This communication is for information purposes only. It shall not constitute an offer to purchase or exchange or the solicitation of an offer to sell or exchange any securities of Gold Fields or an offer to sell or exchange or the solicitation of an offer to buy or exchange any securities of Harmony, nor shall there be any sale or exchange of securities in any jurisdiction in which such offer, solicitation or sale or exchange would be unlawful prior to the registration or qualification under the laws of such jurisdiction. The distribution of this communication may, in some countries, be restricted by law or regulation. Accordingly, persons who come into possession of this document should inform themselves of and observe these restrictions. The solicitation of offers to buy Gold Fields ordinary shares (including Gold Fields ordinary shares represented by Gold Fields ADSs) in the United States will only be made pursuant to a prospectus and related offer materials that Harmony has sent to holders of Gold Fields securities. The Harmony ordinary shares (including Harmony ordinary shares represented by Harmony ADSs) may not be sold, nor may offers to buy be accepted, in the United States prior to the time the registration statement becomes effective. No offering of securities shall be made in the United States except by means of a prospectus meeting the requirements of Section 10 of the United States Securities Act of 1933, as amended.
Disclaimer
Information included in this document relating to Gold Fields and its business has been derived solely from publicly available sources.

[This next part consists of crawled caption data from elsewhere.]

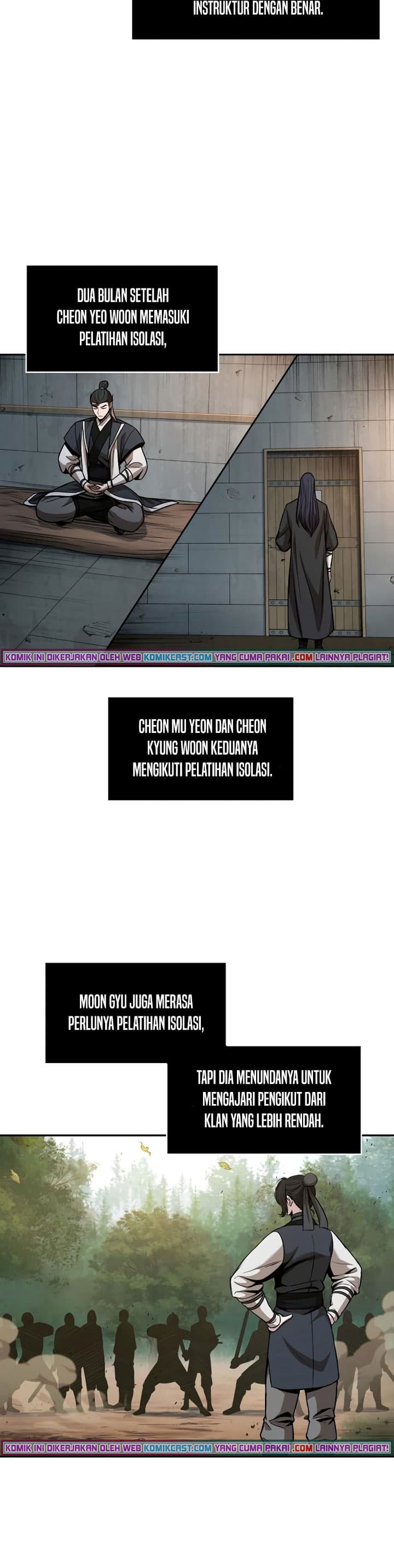 Nano Machine - Chapter 71 - Page 23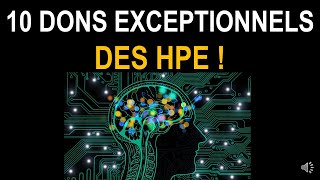 Les 10 DONS EXCEPTIONNELS des HPE [upl. by Leodora578]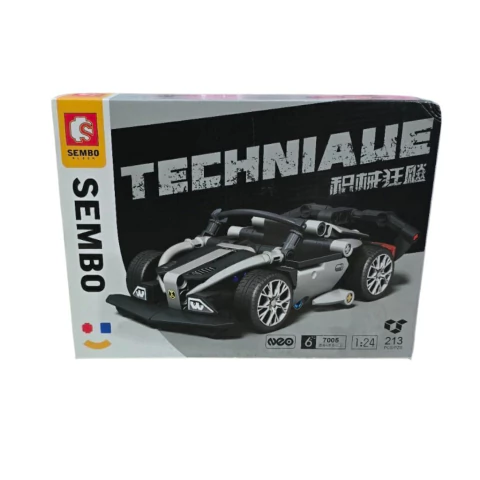 TECHNIAUE - comprar online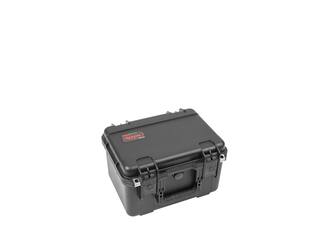 SKB - iSeries 3i-1510-9 - Wasserdichter Koffer - Schwarz - Mit Würfelschaumstoff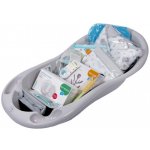 Cosing Startovací sada pro novorozence šedá – Zboží Mobilmania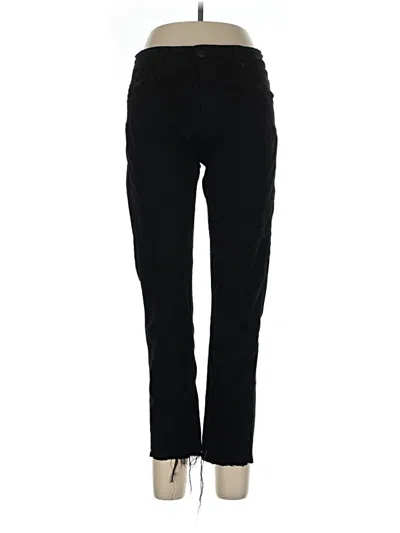 Pre-owned Adriano Goldschmied Jeans In Black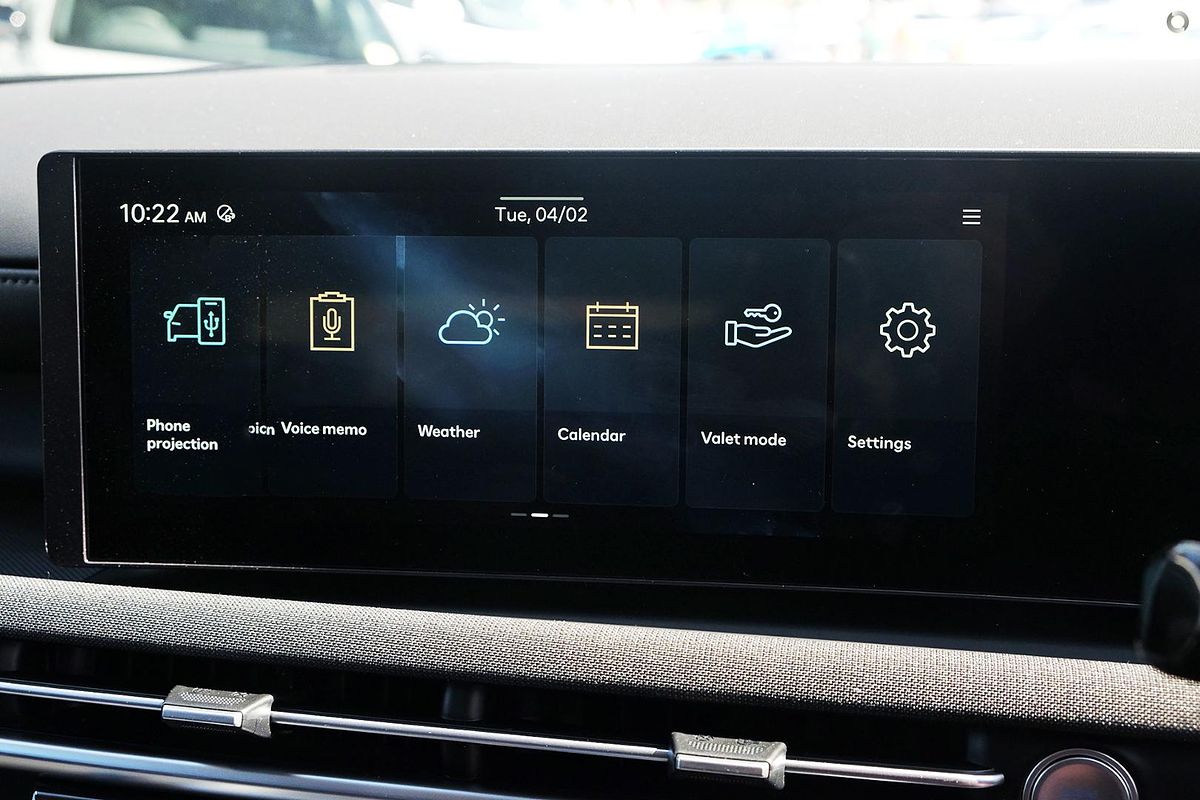 2025 Hyundai Tucson Elite NX4.V3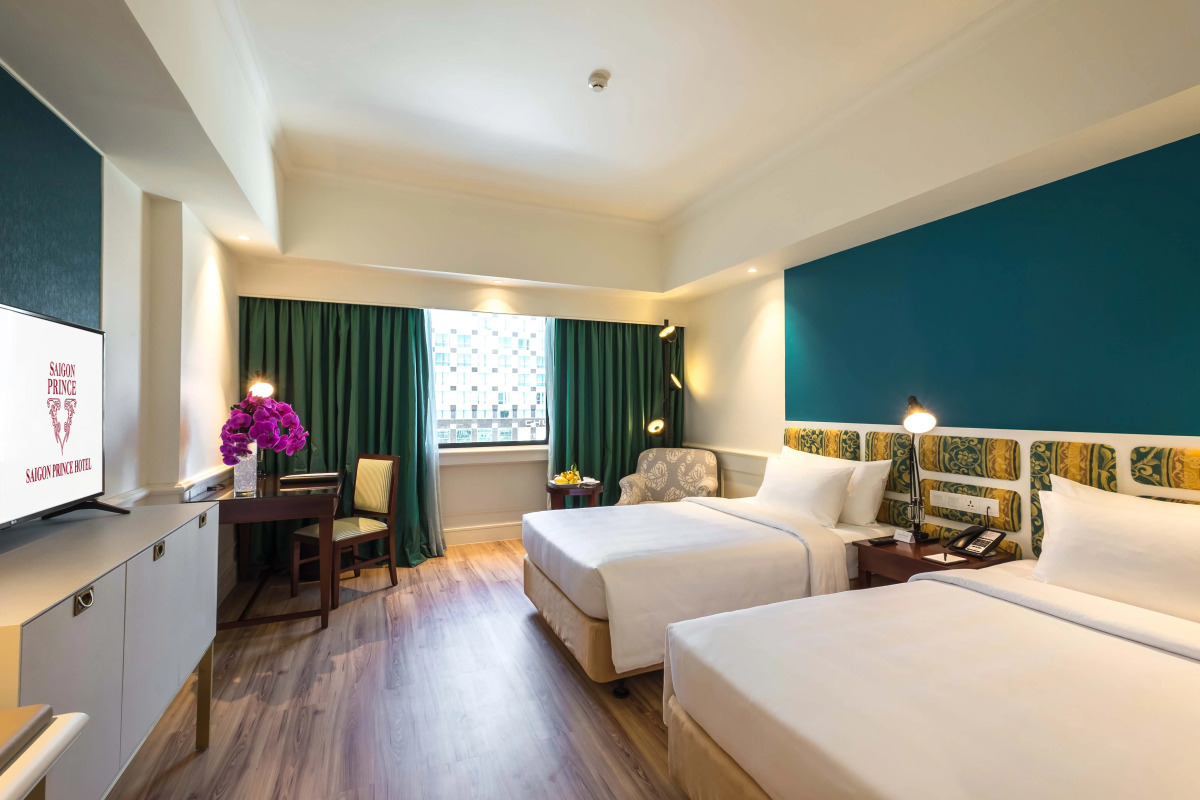 Saigon Prince Hotel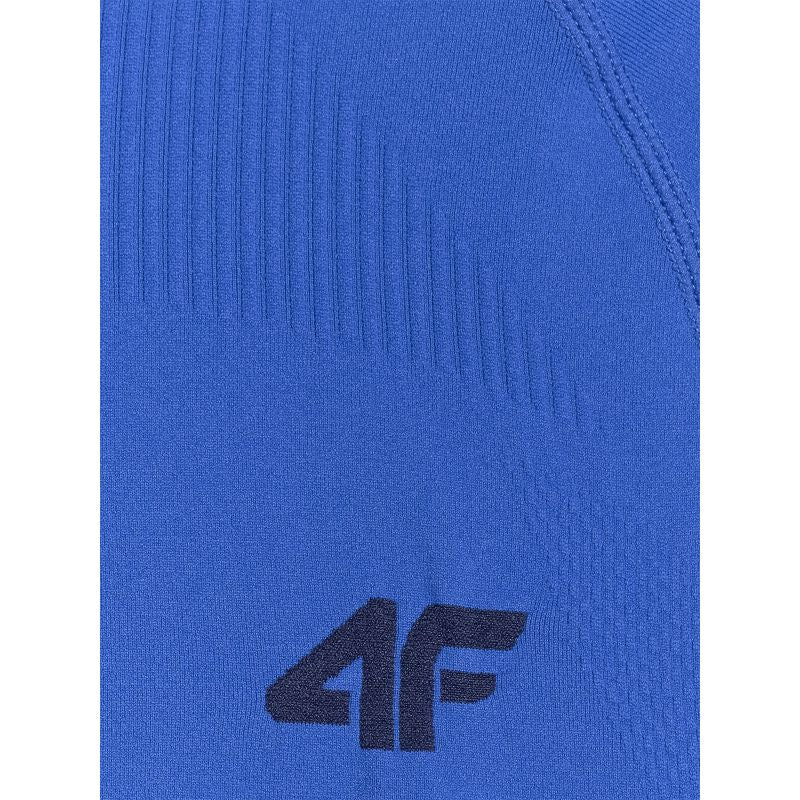 Men's seamless thermal underwear (top) 4F 4FWAW25USEAM233-36S *Kategoria tymczasowa Your Sports Performance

While Harmony has included information in this document regarding Gold Fields that is known to Harmony based on publicly available information, Harmony has not had access to non-public information regarding Gold Fields and could not use such information for the purpose of preparing this document. Although Harmony is not aware of anything that would indicate that statements relating to Gold Fields contained in this document are inaccurate or incomplete, Harmony is not in a position to verify information concerning Gold Fields. Harmony and its directors and officers are not aware of any errors in such information. Subject to the foregoing and to the maximum extent permitted by law, Harmony and its directors and officers disclaim all liability for information concerning Gold Fields included in this document.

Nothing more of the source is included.